DATASET EXCERPTS:
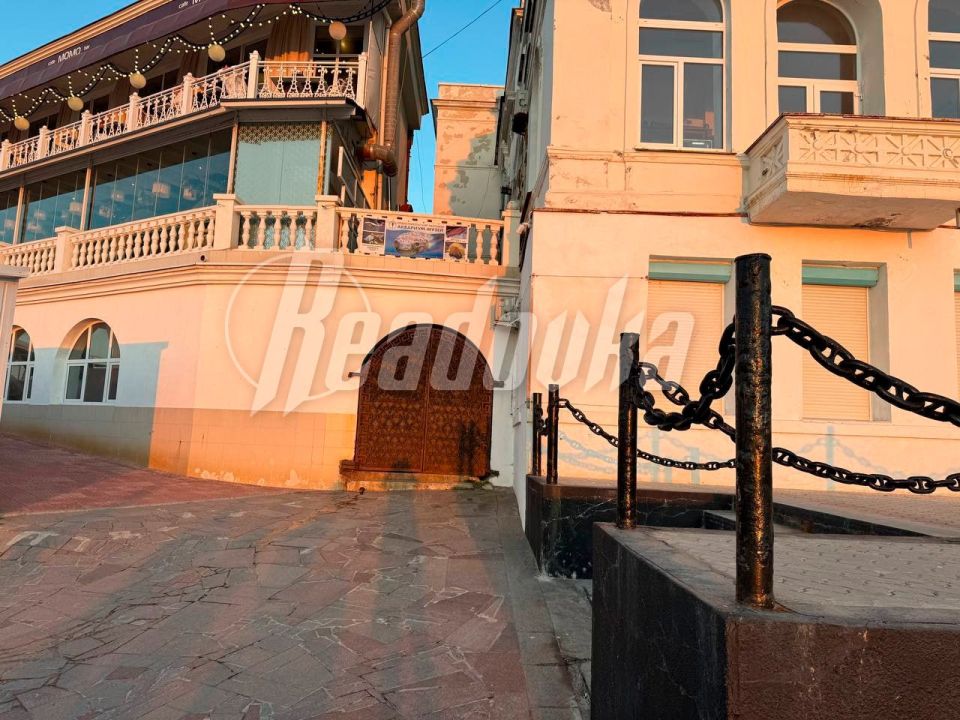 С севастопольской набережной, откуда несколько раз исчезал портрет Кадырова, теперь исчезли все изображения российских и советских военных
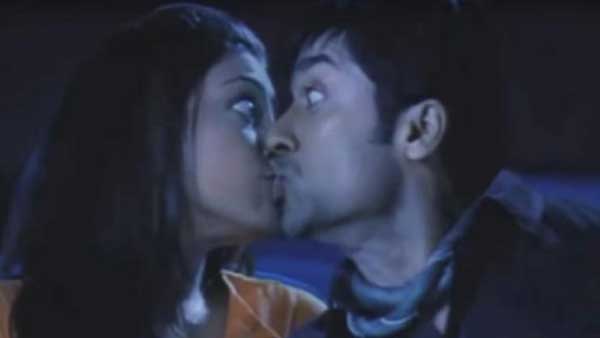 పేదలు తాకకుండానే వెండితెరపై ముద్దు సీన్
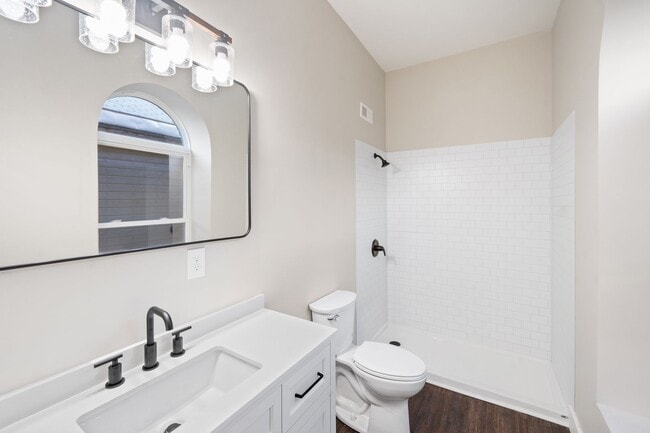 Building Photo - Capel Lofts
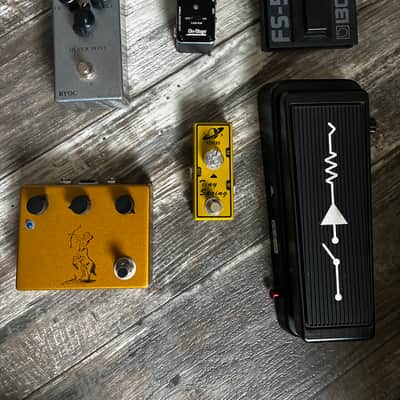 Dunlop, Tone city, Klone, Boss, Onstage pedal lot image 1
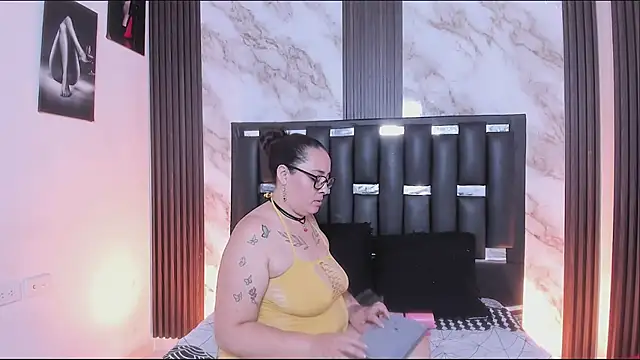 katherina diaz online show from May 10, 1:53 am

DIRECTIONS FOR THIS TASK:
Output the records above unchanged, minus their pictures.

RESPONSE:
 С севастопольской набережной, откуда несколько раз исчезал портрет Кадырова, теперь исчезли все изображения российских и советских военных
 పేదలు తాకకుండానే వెండితెరపై ముద్దు సీన్
 Building Photo - Capel Lofts
 Dunlop, Tone city, Klone, Boss, Onstage pedal lot image 1
 katherina diaz online show from May 10, 1:53 am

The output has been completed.